Brief descriptive captions
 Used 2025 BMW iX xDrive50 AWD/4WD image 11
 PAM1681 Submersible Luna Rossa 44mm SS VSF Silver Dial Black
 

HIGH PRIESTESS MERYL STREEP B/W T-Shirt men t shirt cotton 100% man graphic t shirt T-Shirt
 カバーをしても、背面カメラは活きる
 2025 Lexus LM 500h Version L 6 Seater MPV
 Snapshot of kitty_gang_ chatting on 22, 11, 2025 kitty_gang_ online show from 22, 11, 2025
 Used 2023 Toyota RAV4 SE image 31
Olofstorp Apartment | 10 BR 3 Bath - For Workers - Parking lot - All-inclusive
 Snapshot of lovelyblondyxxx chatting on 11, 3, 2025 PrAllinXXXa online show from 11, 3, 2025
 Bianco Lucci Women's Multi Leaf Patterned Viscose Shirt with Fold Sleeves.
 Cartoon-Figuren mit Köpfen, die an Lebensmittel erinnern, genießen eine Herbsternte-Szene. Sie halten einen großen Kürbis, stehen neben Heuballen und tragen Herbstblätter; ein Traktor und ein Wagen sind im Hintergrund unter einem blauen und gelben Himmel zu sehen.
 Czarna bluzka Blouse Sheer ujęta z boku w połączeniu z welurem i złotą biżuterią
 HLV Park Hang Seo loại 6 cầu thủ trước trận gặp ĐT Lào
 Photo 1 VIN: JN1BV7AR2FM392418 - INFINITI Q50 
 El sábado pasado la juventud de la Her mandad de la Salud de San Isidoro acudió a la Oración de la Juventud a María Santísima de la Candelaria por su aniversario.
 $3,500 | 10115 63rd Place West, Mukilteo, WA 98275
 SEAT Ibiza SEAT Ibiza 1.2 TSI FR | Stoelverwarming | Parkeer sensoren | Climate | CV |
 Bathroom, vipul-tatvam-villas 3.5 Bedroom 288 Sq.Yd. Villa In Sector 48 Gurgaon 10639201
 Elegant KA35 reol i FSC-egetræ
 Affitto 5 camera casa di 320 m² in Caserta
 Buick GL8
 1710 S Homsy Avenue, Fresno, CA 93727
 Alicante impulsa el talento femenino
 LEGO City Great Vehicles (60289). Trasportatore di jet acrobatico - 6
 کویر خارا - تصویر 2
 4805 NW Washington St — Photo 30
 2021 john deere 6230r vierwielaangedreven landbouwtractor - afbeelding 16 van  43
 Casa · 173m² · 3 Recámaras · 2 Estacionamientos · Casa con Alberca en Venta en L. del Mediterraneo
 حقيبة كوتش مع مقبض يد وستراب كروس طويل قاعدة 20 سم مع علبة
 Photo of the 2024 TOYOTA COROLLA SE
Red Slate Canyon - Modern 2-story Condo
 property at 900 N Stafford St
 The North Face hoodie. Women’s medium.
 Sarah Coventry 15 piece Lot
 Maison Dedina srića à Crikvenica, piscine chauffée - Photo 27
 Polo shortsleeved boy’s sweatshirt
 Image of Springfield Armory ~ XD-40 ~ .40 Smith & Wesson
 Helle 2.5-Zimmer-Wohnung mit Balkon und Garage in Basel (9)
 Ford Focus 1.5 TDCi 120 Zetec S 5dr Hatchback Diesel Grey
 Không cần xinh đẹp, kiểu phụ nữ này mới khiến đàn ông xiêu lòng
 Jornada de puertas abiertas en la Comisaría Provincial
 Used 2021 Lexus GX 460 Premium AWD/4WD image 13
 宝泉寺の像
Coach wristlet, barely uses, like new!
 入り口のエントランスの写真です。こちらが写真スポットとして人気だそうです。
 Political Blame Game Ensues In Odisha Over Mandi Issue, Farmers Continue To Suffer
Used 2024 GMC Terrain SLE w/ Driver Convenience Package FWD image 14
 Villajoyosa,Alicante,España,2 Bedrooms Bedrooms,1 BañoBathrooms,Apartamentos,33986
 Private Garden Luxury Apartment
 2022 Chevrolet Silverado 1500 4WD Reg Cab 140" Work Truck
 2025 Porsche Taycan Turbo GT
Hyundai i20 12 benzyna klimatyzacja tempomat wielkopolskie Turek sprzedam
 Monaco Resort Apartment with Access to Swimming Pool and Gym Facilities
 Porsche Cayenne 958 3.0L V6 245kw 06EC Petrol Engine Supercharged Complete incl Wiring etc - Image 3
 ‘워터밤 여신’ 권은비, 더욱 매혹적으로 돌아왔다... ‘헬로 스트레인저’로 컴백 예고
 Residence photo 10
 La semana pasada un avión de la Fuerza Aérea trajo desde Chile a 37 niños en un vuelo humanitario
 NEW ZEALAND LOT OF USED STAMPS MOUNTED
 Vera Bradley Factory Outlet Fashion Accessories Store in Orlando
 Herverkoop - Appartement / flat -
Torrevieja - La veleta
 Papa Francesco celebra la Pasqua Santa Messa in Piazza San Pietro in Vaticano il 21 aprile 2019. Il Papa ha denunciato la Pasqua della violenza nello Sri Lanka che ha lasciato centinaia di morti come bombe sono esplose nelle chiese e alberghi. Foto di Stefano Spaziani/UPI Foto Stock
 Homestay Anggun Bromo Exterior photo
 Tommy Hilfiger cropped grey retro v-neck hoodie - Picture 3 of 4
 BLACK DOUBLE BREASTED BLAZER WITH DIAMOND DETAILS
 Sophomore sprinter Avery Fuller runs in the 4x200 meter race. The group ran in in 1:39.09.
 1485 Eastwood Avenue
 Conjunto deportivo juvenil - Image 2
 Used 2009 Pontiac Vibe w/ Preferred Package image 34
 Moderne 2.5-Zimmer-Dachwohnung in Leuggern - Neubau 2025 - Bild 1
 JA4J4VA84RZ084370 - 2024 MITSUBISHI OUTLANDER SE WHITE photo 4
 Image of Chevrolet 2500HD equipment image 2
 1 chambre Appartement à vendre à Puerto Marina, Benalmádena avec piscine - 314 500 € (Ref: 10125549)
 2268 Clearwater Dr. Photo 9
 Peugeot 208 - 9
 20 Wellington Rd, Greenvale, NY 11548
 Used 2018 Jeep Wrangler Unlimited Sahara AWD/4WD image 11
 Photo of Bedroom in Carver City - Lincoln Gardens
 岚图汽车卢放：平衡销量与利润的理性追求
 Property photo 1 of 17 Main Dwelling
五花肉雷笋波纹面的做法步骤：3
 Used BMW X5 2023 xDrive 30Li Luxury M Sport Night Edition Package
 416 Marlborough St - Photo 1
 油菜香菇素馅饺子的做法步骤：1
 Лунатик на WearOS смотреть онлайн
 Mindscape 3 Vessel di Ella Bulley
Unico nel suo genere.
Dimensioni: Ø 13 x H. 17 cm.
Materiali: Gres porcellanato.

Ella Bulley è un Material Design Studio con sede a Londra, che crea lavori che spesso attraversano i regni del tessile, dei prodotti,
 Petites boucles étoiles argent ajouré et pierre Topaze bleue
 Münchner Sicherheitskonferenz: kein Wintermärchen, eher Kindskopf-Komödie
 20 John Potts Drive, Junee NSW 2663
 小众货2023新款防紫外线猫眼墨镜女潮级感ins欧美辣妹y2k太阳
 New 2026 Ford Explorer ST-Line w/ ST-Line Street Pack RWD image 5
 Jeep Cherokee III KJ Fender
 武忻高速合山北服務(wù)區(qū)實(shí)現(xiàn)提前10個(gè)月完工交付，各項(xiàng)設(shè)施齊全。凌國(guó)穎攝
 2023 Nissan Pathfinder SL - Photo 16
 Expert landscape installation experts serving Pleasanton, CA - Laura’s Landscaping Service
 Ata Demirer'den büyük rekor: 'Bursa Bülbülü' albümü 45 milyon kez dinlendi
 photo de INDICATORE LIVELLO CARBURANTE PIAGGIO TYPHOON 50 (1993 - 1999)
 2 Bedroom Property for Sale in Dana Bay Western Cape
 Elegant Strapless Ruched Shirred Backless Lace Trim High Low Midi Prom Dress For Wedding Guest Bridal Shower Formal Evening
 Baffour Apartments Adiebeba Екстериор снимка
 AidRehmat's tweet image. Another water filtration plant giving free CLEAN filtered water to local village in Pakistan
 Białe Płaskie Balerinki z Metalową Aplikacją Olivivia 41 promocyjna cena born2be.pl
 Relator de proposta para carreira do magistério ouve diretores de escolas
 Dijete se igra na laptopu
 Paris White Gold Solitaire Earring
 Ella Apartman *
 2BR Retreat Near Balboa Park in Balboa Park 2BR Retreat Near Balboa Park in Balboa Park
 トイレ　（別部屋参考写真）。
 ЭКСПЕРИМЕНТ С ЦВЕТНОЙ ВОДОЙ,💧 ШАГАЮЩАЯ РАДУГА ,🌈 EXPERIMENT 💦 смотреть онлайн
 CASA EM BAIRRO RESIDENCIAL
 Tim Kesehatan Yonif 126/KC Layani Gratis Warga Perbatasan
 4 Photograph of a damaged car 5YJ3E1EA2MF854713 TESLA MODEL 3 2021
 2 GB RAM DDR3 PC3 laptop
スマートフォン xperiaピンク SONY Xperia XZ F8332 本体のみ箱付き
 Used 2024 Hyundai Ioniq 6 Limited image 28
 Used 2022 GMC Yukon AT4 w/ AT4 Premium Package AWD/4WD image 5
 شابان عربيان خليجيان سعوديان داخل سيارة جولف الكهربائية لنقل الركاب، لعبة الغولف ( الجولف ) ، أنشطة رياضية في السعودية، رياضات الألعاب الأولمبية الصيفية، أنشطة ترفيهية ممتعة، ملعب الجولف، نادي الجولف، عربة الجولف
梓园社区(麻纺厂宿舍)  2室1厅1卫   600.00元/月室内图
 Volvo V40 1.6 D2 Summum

### Work to be completed
Stopping at the line containing "Olofstorp Apartment |", please repeat exactly every line from the very start of the entries, that line included, and nothing more.

### Output
 Used 2025 BMW iX xDrive50 AWD/4WD image 11
 PAM1681 Submersible Luna Rossa 44mm SS VSF Silver Dial Black
 

HIGH PRIESTESS MERYL STREEP B/W T-Shirt men t shirt cotton 100% man graphic t shirt T-Shirt
 カバーをしても、背面カメラは活きる
 2025 Lexus LM 500h Version L 6 Seater MPV
 Snapshot of kitty_gang_ chatting on 22, 11, 2025 kitty_gang_ online show from 22, 11, 2025
 Used 2023 Toyota RAV4 SE image 31
Olofstorp Apartment | 10 BR 3 Bath - For Workers - Parking lot - All-inclusive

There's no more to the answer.